2 Chicago firms sued in mortgage fraud sting

Posted June 17, 2010 at 1:34 p.m.

By Mary Ellen
Podmolik and Katherine Skiba
|

Lawsuits against two Chicago-area companies were announced Thursday as
part of a national crackdown on companies and individuals allegedly committing
mortgage fraud.

The national sweep, dubbed “Operation Stolen Dreams,” began March 1 and
has ensnared 1,215 criminal defendants blamed for more than $2.3
billion in losses and led to 485 arrests, Attorney General Eric Holder
said Thursday. So far $10.7 million has been seized by authorities in
these cases. Meantime 191 civil enforcement actions have arisen.



Attorney General Eric Holder called the fraud schemes “despicable” and observed, “The breadth of the fraud is truly astonishing.”
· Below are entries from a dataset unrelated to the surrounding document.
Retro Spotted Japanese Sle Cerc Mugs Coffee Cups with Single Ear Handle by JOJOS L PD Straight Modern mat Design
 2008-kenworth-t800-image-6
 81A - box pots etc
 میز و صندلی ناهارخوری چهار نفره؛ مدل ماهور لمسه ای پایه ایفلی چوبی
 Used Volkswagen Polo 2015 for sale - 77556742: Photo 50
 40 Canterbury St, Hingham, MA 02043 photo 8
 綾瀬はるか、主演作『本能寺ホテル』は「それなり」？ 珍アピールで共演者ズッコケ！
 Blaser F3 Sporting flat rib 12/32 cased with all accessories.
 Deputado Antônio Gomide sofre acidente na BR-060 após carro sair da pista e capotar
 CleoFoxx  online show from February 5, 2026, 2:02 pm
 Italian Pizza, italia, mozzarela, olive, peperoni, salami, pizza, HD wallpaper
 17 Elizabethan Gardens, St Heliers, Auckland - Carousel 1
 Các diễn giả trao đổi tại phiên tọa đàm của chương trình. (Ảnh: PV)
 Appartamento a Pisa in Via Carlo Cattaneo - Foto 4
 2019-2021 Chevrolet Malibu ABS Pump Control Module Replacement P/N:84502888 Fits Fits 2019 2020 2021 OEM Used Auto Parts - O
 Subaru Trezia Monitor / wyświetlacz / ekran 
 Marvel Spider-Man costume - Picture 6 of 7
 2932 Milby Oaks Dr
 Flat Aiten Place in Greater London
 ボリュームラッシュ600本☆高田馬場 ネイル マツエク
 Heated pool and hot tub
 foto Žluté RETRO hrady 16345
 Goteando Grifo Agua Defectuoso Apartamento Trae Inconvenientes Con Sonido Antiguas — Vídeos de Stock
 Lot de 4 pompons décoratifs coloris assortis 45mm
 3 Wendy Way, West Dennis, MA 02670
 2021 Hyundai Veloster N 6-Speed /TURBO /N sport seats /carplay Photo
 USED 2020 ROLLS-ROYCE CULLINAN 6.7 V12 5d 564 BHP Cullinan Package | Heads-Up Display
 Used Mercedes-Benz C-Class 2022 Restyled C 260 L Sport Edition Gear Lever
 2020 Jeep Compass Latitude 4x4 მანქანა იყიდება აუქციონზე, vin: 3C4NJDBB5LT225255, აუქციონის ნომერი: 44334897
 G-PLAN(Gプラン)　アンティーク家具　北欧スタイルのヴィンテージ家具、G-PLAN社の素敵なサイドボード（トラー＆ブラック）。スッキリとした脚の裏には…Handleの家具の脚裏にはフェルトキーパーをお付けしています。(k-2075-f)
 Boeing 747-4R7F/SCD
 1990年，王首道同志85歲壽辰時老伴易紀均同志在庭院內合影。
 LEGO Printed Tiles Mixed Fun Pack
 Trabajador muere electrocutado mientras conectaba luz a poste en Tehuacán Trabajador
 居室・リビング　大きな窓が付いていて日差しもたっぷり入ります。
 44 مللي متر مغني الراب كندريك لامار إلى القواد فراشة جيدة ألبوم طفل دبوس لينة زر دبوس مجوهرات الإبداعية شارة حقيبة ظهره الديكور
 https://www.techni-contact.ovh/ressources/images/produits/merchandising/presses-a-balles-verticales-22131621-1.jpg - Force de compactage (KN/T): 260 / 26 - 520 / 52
One local civil lawsuit, filed against W2X Inc., PTU1 Inc., Y 2 X LLC, and Goldberg Bail-Out, Inc., of Chicago, and Chicago residents Warren Jackson and Yolanda King, charges that the company promised, for an upfront fee, to negotiate lower mortgage payments for individuals and then failed to perform any services.

The companies also are alleged to have orchestrated fraudulent sale-leaseback agreements with delinquent homeowners, in effect tricking consumers into thinking they were saving their home when they were really selling their homes to straw buyers. Homeowners lost from $60,000 to $149,000 of equity in their homes as a result of the equity-stripping sale-leasebacks, Illinois Attorney General Lisa Madigan alleged.

The other suit, alleging the charging of an upfront fee but with no services performed, was filed against Opportunity Consultants, Inc., of Joliet and Juan C. Rodriguez of Crest Hill, IL, and Mirta Deus, also known as Mirta Tomlinson, of Joliet.

The Chicago area, along with parts of Wisconsin and Indiana, ranked fourth in the country for recent reports of suspicious activity pertaining to potential foreclosure rescue scams, according to Treasury Department officials.
 
The area had 2,973 reports between January  2009 and June 10 of this year, said officials of Treasury’s Financial Crimes Enforcement Network. Suspicious activity reports give leads to law enforcement officials who are targeting financial crimes.
 
 Madigan, who joined top federal law enforcement authorities in Washington, D.C., Thursday, said mortgage fraud cases are the biggest consumer problem her office is confronting.

Illinois has filed 33 suits alleging mortgage rescue fraud, along with more than 400 cease-and-desist letters. Those suits have resulted in 19 judgments, ordering more than $1.2 million in homeowner restitution.